• Exercise instructions: From the line with "divers-Adventure-Blue-Vision" through the line with "席巴是揍敌客吗？他们之间有何关联？", repeat the entries verbatim, both end lines included, and add nothing.

• Data for processing:
=======
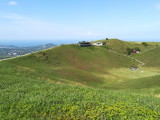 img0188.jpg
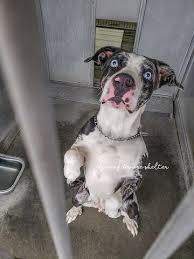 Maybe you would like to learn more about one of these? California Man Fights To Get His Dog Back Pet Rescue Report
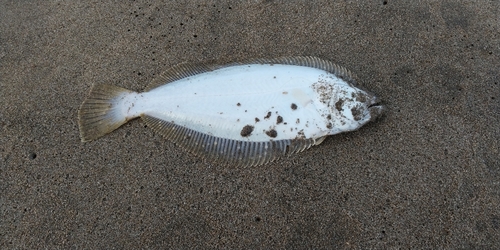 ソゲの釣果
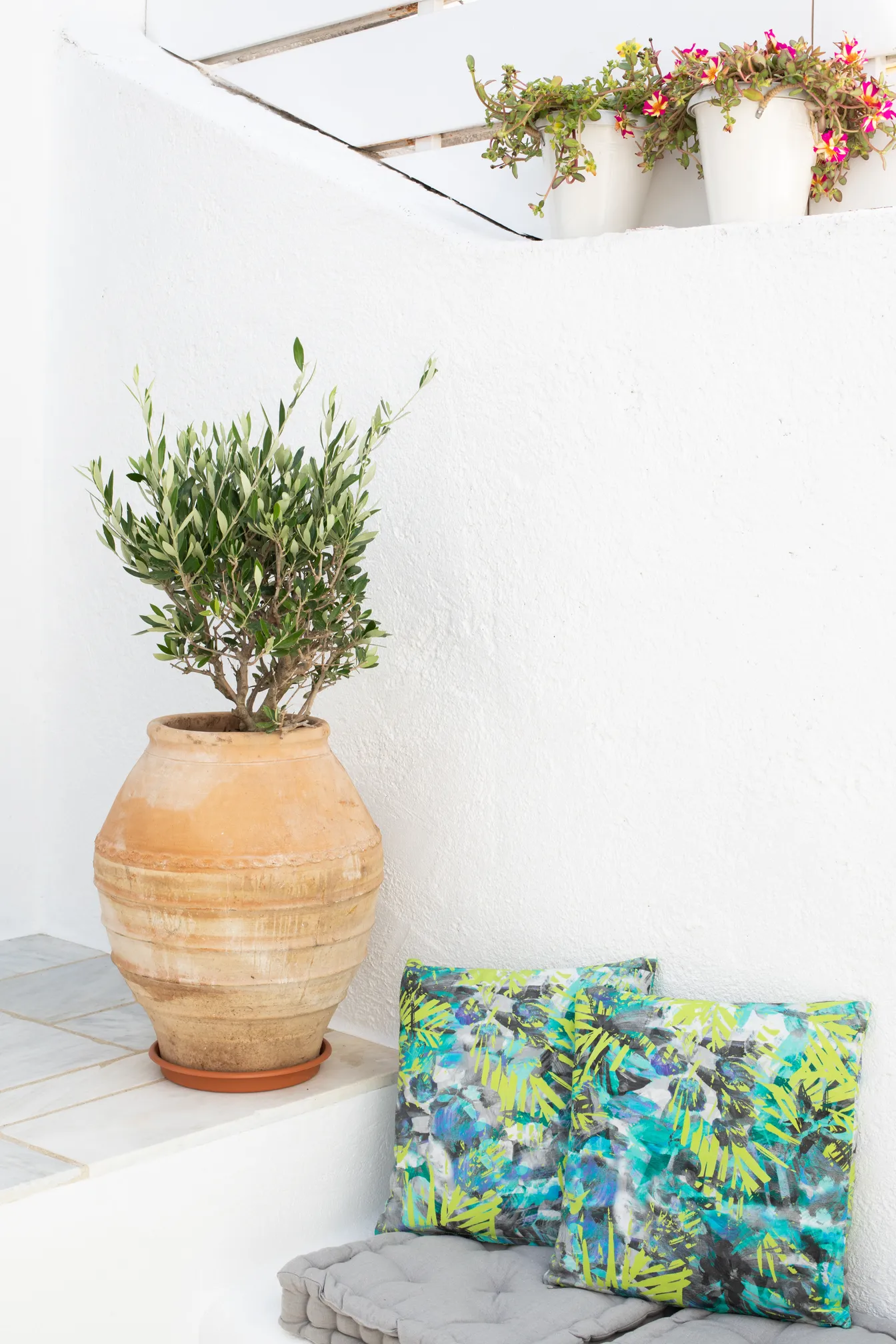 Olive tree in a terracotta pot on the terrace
=======
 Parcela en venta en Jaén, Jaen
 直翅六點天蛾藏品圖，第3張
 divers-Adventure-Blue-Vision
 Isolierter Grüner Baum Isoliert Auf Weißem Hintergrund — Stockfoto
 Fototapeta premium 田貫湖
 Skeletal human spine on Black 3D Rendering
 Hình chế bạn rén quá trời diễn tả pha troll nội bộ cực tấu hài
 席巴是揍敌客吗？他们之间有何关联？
=======
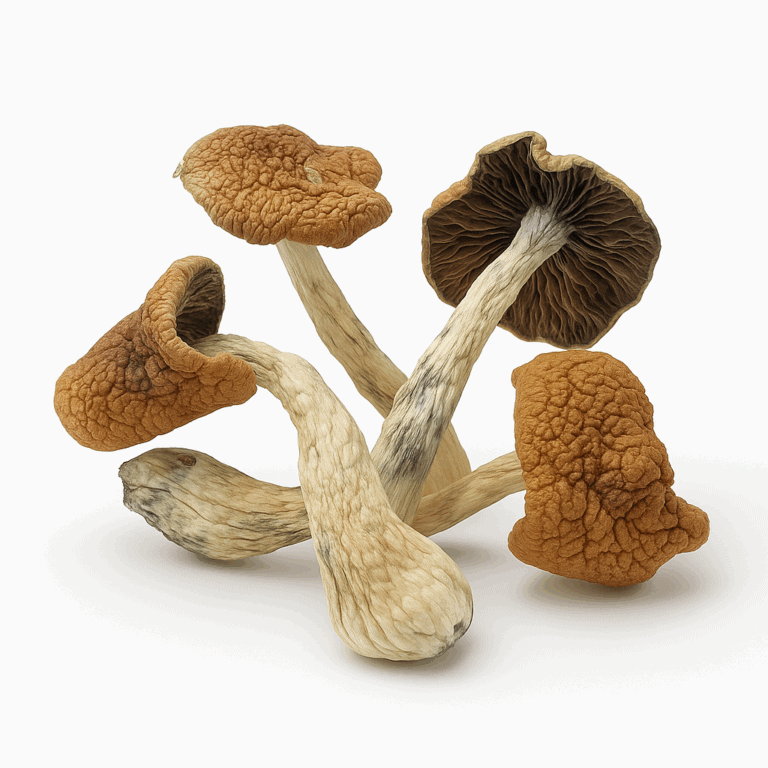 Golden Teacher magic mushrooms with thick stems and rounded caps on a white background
=======
• Expected output:
 divers-Adventure-Blue-Vision
 Isolierter Grüner Baum Isoliert Auf Weißem Hintergrund — Stockfoto
 Fototapeta premium 田貫湖
 Skeletal human spine on Black 3D Rendering
 Hình chế bạn rén quá trời diễn tả pha troll nội bộ cực tấu hài
 席巴是揍敌客吗？他们之间有何关联？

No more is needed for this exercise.